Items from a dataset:
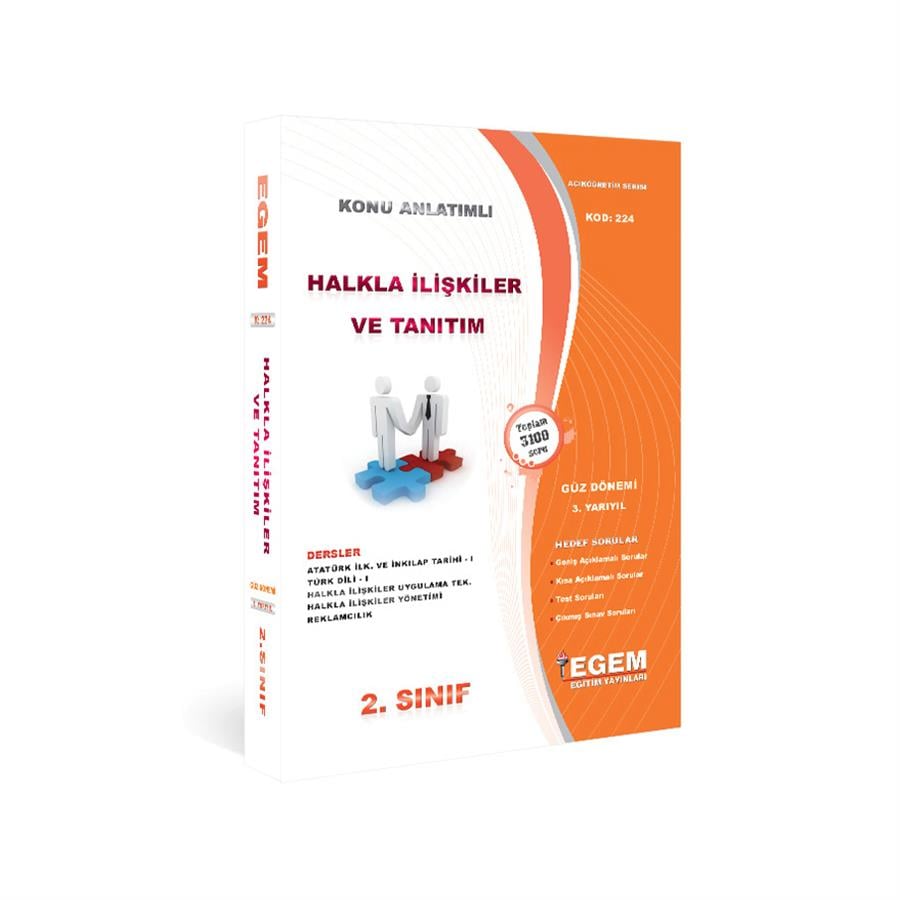 AÖF 2. SINIF HALKLA İLİŞKİLER ve  TANITIM GÜZ DÖNEMİ 3. YARIYIL KONU ANLATIMLI SORU BANKASI 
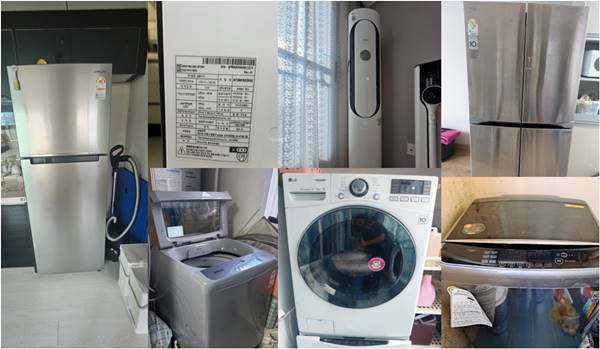 인천 피커스 중고 냉장고 세탁기 에어컨 건조기 가전 매입 내역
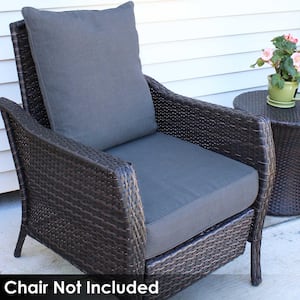24 in. x 22 in. x 4 in. Deep Seating Outdoor Dining Chair Back and Seat Cushion Set in Gray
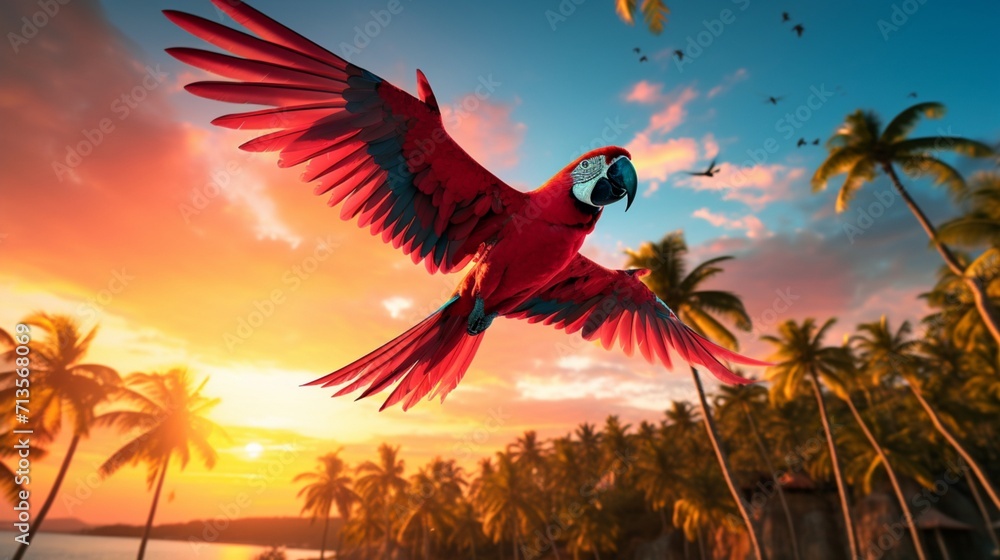 Poster cockatoo playfully interacting with colorful toys - ai-generative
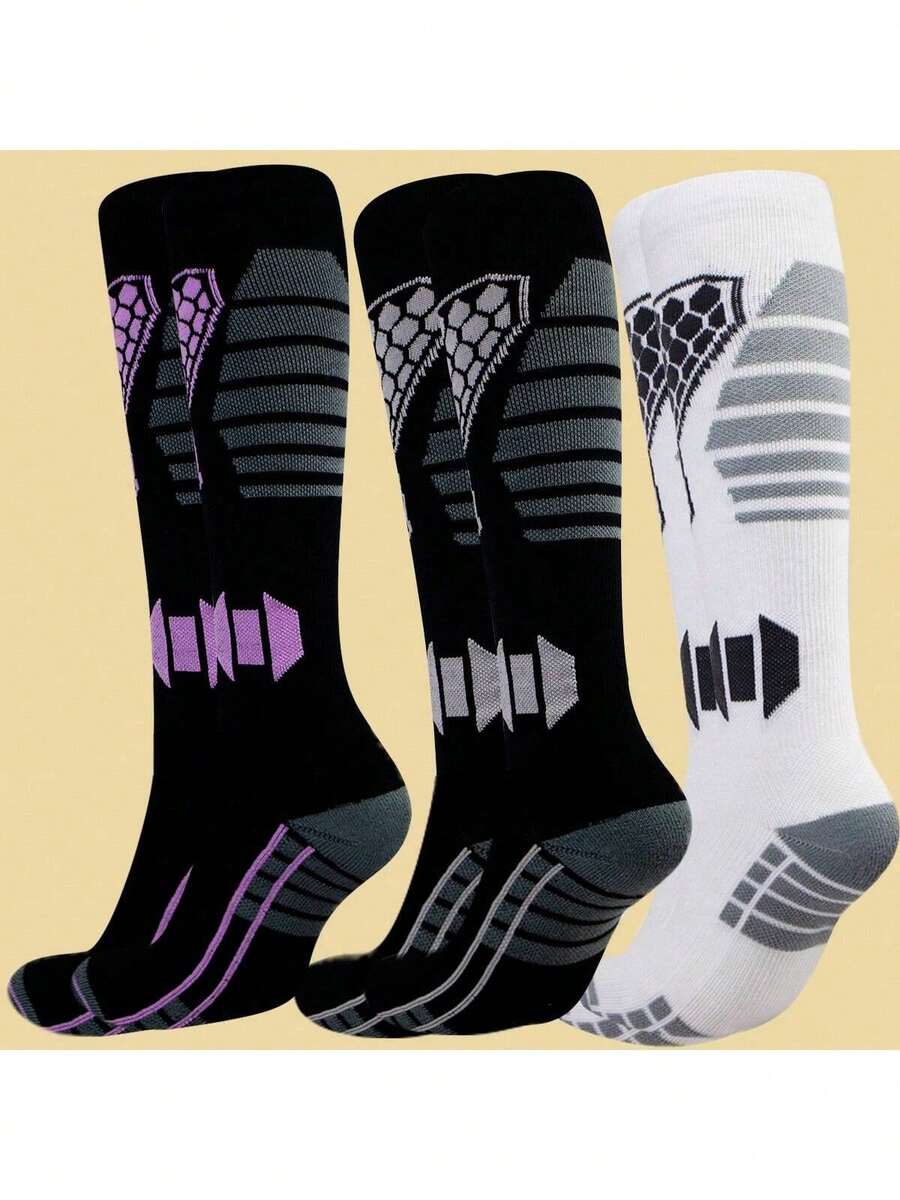 Skiing Socks, Men's Winter Warmers, Women's Compression Stockings, Professional Cycling, Hiking, Running, Trekking, Long Tube Socks - Multicolor - View 1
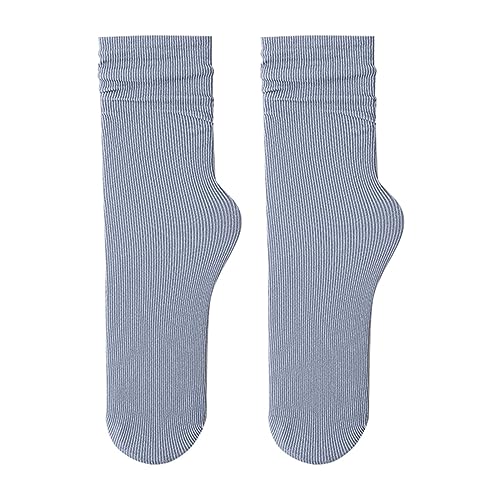 OBiQuzz Damen-Sommer- und Herbst-dünne Eissocken, solide, einfache Eisseidensocken, mittlere Röhrensocken Strumpf Naht (Light Blue, 18-40) von OBiQuzz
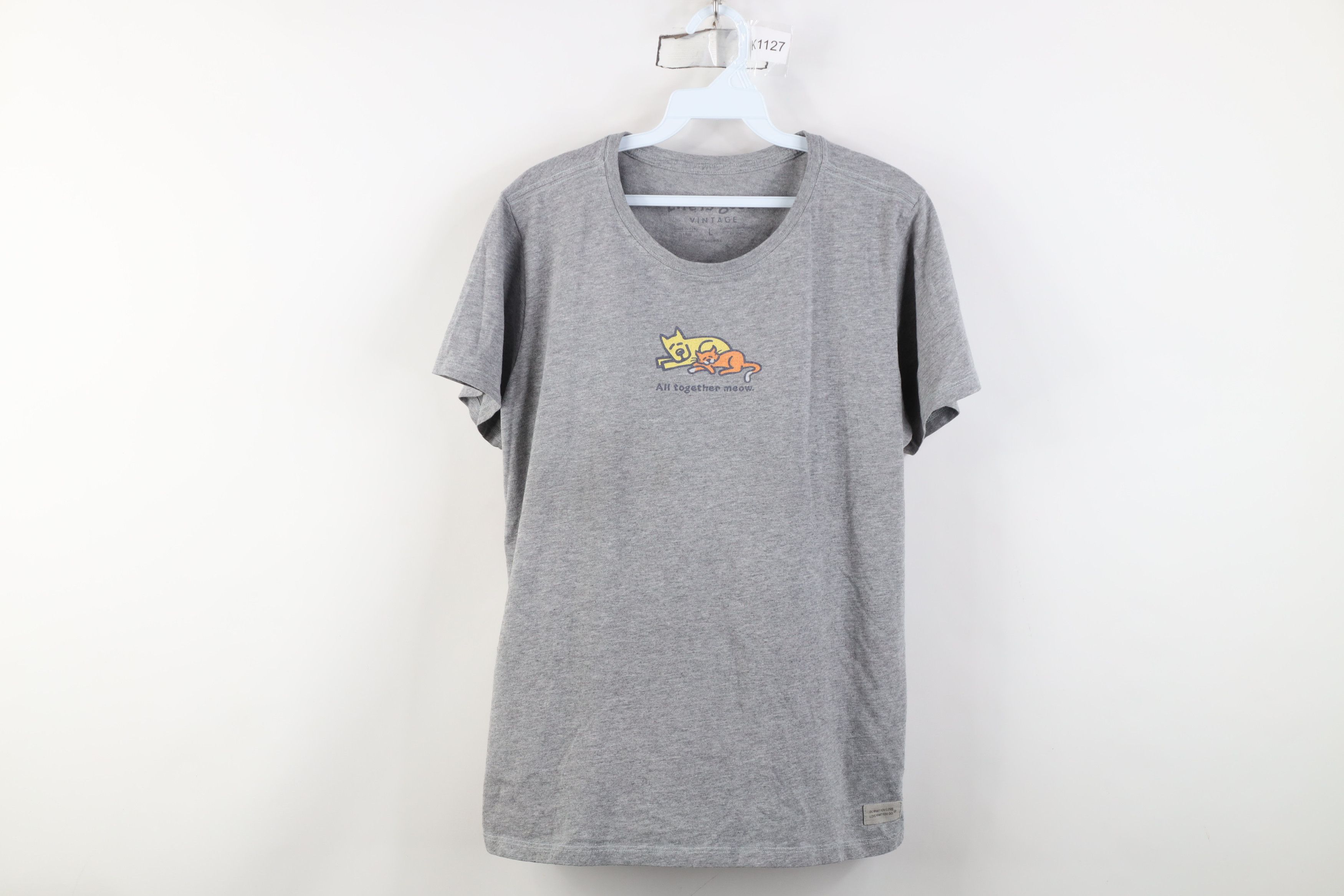 Life is Good Vintage Life Is Good Spell All Together Meow Cat Dog T-Shirt Size L / US 10 / IT 46 - 1 Thumbnail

Work instructions: Only one thing is required here: an exact copy of the lines from the one bearing "인천 피커스 중고 냉장고 세탁기 에어컨 건조기 가전 매입 내역" through the final line above, both included, with pictures left out.

Reply to the task:
 인천 피커스 중고 냉장고 세탁기 에어컨 건조기 가전 매입 내역
24 in. x 22 in. x 4 in. Deep Seating Outdoor Dining Chair Back and Seat Cushion Set in Gray
 Poster cockatoo playfully interacting with colorful toys - ai-generative
 Skiing Socks, Men's Winter Warmers, Women's Compression Stockings, Professional Cycling, Hiking, Running, Trekking, Long Tube Socks - Multicolor - View 1
 OBiQuzz Damen-Sommer- und Herbst-dünne Eissocken, solide, einfache Eisseidensocken, mittlere Röhrensocken Strumpf Naht (Light Blue, 18-40) von OBiQuzz
 Life is Good Vintage Life Is Good Spell All Together Meow Cat Dog T-Shirt Size L / US 10 / IT 46 - 1 Thumbnail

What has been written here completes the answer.